# nature of household partner visa



## adim (Aug 9, 2015)

Hi there,

I really need some help with writing in the nature eof household section in the partner visa. 

its asking to write about shared responsibility in the household - do they mean cleaning, cooking, etc etc? and if so, how are you supposed to prove something like that? 

obviously im also writing shared bills, rent, gym memberships etc which i can easily prove this but not sure if the other is relevant as well. 

please help  

thank you 
Adi


----------



## MaryMar (Sep 2, 2013)

Hello Adim,

To me it was more about the domestic arrangements and working together, sharing the work load between, you for example your parnter may cook the dinner and you wash the dishes, you sit down and work out your weekly shopping list and do the grocery shopping together.
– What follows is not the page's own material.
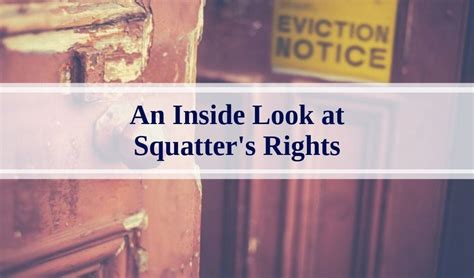 An Inside Look At Squatters Rights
For us there are jobs we do together at the same time to spend chat time together, jobs we do apart. Hope this helps a little


----------



## adim (Aug 9, 2015)

Hi,

thanks so much yes it helps of course.. but how did you proof this? did you need to provide evidence of you cooking, grocery shopping etc? or you didnt provide evidence for this it was just in your statutory declaration or in the application? 
thanks


----------



## MaryMar (Sep 2, 2013)

No just stated that we share chores, and not take advantage of each other. If you search here under PMV there should be some helpful tips to help you along as google > Nature of the household is evidence that you and your partner share responsibilities within your household. This includes things like living arrangements, housework, joint ownership of your house, joint responsibility for bills, and correspondence addressed to both you and your partner at the same address.

As with all the other sections of the visa application, the circumstances are different for everyone. If you did not own your house (for example, like in our situation we were living with our parents), that is okay. Just include everything that you feel is relevant. This can be simple things like letters from friends, as long as the letters have both your names on them.


----------



## MaryMar (Sep 2, 2013)

click this link too cheers 
http://www.australiaforum.com/visas...partner-visa-820-801-online-applications.html

https://immigrationptyltd.wordpress.com/tag/partner-household-evidence/


----------



## adim (Aug 9, 2015)

Thank you so much for you help! this is very very helpful


----------



## MaryMar (Sep 2, 2013)

you welcome, its a daunting process, just pace it and research it and do it right


----------